● Prompt
Copy exactly the lines of the data below that run from the line holding "Volkswagen Passat 1.5" through the line holding "2024 Ram 5500 Tradesman", both ends included.

● Data
[Start of section]
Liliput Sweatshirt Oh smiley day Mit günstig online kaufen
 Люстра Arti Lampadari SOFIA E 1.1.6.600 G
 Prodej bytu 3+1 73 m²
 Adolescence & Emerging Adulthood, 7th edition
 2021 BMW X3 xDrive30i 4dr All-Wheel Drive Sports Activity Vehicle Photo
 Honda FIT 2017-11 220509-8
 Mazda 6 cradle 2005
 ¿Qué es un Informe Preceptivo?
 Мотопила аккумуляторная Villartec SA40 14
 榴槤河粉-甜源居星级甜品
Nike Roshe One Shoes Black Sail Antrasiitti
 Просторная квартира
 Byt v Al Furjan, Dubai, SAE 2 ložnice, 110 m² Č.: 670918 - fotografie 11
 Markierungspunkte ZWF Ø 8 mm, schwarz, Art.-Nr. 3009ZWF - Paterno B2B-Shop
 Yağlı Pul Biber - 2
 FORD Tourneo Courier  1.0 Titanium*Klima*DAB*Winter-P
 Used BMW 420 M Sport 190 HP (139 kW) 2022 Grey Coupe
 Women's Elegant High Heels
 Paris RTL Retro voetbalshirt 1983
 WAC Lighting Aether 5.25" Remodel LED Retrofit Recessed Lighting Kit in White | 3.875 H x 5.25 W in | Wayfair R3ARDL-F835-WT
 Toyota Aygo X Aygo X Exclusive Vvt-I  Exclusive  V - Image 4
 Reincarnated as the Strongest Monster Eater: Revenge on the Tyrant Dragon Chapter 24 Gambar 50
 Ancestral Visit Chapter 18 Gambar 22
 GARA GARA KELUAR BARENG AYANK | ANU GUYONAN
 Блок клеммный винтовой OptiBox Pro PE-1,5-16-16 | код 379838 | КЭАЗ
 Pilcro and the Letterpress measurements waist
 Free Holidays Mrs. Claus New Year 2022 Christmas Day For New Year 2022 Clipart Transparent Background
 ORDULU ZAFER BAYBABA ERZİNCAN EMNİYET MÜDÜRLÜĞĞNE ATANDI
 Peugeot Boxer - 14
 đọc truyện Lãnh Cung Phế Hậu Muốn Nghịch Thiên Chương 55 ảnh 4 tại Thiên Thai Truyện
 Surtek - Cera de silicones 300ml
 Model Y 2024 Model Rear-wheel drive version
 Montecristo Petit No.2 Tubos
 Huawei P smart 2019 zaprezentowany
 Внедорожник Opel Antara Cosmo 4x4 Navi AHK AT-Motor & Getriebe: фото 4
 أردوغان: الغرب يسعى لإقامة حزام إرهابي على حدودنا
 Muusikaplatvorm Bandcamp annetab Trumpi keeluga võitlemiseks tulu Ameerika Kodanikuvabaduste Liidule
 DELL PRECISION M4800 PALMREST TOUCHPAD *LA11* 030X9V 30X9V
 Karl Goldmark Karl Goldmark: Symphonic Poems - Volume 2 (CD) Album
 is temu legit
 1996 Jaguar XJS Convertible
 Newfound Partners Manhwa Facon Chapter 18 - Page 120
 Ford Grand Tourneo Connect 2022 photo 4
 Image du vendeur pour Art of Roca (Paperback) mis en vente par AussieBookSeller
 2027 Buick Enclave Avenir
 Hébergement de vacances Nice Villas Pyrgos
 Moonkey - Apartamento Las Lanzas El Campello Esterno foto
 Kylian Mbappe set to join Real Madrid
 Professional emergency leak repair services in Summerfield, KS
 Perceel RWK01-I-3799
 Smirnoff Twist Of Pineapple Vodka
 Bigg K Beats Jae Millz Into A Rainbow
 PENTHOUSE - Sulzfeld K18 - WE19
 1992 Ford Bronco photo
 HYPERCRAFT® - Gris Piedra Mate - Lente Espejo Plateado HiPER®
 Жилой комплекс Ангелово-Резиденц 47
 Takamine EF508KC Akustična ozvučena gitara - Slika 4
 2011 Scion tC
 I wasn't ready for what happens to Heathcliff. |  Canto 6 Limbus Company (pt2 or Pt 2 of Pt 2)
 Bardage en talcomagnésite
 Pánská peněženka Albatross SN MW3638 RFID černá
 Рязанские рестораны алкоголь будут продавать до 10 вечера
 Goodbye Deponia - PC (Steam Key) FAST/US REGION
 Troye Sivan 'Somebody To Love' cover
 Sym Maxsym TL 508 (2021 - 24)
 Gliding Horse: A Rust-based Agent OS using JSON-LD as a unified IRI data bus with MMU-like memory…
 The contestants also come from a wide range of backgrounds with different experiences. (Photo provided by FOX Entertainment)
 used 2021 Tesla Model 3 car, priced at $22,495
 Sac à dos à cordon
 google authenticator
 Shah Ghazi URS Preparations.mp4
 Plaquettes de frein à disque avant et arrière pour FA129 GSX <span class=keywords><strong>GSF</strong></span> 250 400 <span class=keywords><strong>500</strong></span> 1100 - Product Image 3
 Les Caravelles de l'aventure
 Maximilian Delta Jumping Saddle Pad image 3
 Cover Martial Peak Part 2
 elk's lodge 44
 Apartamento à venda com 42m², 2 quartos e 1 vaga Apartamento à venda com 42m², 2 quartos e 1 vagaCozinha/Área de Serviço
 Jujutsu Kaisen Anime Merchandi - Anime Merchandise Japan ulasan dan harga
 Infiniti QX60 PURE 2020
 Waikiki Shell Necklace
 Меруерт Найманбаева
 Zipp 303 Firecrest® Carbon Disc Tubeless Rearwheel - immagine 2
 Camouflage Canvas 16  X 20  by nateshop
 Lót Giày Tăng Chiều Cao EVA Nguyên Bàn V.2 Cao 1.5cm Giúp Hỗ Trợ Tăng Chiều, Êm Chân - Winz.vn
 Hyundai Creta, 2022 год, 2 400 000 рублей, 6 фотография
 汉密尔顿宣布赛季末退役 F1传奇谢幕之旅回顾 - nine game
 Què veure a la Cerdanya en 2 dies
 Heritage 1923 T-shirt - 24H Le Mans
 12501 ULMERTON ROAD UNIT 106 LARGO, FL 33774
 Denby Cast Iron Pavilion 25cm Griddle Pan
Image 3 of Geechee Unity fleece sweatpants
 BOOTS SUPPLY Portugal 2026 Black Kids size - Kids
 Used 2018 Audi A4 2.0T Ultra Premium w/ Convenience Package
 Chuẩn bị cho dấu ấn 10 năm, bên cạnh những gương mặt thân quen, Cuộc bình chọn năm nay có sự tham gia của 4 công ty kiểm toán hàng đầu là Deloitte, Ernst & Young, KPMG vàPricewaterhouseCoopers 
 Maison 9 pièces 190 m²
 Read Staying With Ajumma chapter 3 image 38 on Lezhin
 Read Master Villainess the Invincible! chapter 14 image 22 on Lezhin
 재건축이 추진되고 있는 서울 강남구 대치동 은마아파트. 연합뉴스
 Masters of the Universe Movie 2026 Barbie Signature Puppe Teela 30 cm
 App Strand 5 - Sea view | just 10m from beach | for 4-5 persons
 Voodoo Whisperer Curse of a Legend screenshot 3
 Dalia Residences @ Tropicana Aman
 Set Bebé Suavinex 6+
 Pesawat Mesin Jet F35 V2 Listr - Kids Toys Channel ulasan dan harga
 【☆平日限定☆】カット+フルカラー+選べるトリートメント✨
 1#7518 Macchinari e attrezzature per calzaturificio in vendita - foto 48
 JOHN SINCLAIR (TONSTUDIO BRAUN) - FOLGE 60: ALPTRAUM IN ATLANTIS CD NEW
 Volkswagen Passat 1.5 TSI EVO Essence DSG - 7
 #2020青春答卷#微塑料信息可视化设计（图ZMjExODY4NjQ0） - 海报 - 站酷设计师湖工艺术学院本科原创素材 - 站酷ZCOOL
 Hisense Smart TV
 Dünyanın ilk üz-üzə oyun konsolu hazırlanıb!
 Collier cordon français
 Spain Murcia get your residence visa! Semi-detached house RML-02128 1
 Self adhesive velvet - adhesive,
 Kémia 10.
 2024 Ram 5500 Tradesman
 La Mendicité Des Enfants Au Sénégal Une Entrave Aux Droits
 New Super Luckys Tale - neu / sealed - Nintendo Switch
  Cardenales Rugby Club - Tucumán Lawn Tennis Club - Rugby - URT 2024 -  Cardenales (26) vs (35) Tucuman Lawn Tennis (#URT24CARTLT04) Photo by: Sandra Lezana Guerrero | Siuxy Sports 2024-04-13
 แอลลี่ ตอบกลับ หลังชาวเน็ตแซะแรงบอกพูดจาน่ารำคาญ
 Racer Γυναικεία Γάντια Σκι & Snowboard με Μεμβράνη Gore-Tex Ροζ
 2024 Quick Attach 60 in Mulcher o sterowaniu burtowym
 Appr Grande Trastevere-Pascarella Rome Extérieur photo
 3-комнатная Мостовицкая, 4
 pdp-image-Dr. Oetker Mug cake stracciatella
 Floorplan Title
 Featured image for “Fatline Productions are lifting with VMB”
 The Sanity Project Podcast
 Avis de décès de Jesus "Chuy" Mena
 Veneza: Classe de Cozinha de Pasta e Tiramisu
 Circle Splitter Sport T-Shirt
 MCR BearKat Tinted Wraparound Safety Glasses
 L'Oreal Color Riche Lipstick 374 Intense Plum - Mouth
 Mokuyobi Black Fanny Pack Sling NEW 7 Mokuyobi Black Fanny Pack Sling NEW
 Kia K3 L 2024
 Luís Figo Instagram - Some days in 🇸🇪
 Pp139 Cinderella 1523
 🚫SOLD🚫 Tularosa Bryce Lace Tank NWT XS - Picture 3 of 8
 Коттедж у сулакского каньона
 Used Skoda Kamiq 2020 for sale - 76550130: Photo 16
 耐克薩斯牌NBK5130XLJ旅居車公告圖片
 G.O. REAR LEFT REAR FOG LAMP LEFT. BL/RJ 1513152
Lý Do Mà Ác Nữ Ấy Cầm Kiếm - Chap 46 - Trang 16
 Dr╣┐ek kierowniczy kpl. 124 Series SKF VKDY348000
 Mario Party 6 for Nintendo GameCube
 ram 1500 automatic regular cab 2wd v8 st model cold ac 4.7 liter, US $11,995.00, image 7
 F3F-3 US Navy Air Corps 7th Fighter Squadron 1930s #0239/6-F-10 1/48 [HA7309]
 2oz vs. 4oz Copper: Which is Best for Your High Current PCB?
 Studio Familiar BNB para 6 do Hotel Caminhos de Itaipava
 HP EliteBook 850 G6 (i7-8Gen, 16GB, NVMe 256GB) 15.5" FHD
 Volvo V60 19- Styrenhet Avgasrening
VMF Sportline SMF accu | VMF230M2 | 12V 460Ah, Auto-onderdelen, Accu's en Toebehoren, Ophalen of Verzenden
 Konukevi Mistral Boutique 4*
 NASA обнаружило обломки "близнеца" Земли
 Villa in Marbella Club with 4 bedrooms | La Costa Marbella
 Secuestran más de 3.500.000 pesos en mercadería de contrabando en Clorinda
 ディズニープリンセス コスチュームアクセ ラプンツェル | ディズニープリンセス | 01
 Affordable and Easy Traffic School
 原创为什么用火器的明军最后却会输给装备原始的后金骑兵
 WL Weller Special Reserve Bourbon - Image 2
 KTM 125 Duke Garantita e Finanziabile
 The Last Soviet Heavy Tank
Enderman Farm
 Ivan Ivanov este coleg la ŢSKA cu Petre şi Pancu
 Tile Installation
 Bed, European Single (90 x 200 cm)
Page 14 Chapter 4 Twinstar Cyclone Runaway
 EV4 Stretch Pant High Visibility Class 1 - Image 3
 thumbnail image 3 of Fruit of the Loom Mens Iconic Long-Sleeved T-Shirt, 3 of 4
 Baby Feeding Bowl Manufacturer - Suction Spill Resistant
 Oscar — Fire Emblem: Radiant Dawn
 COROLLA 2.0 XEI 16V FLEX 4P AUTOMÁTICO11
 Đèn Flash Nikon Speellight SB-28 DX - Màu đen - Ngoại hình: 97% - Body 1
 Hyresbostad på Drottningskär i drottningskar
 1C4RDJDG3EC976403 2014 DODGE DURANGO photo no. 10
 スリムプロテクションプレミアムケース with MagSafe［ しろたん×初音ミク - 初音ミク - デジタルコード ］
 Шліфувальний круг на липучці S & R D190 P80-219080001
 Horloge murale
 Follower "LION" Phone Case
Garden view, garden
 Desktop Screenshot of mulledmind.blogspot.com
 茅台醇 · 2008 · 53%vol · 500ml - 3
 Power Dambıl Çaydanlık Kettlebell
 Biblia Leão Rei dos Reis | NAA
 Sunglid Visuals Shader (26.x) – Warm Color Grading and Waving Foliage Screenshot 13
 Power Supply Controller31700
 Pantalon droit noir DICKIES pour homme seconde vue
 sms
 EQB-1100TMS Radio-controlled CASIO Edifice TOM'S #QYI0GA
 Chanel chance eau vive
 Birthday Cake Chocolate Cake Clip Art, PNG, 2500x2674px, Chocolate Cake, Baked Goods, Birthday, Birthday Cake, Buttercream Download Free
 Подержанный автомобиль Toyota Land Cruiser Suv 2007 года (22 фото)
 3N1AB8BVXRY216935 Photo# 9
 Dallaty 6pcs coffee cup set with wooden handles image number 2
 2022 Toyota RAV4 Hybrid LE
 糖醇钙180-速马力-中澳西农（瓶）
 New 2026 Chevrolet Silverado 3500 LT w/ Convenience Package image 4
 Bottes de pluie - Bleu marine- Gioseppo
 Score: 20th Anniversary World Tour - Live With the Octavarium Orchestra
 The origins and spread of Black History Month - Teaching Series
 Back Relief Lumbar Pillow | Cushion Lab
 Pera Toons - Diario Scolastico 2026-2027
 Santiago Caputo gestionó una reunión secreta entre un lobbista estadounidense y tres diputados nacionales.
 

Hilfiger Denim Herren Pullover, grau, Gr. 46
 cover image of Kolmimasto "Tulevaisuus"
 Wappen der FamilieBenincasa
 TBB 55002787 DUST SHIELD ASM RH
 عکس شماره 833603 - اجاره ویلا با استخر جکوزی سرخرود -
[End of section]
● Expected output
 Volkswagen Passat 1.5 TSI EVO Essence DSG - 7
 #2020青春答卷#微塑料信息可视化设计（图ZMjExODY4NjQ0） - 海报 - 站酷设计师湖工艺术学院本科原创素材 - 站酷ZCOOL
 Hisense Smart TV
 Dünyanın ilk üz-üzə oyun konsolu hazırlanıb!
 Collier cordon français
 Spain Murcia get your residence visa! Semi-detached house RML-02128 1
 Self adhesive velvet - adhesive,
 Kémia 10.
 2024 Ram 5500 Tradesman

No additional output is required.